About this exercise. Scan the records beneath this line for the line holding "And the asynchronous" and the line holding "So Hyperledger Caliper", then transcribe exactly those two and all lines between.

Information supplied.
------

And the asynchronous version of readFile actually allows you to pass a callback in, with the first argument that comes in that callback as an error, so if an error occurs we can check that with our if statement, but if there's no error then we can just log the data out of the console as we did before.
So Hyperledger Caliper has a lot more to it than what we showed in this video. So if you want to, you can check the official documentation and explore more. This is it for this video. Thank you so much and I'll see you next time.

------

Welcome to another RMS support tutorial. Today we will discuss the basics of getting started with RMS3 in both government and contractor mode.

------

Answer.
And the asynchronous version of readFile actually allows you to pass a callback in, with the first argument that comes in that callback as an error, so if an error occurs we can check that with our if statement, but if there's no error then we can just log the data out of the console as we did before.
So Hyperledger Caliper has a lot more to it than what we showed in this video. So if you want to, you can check the official documentation and explore more. This is it for this video. Thank you so much and I'll see you next time.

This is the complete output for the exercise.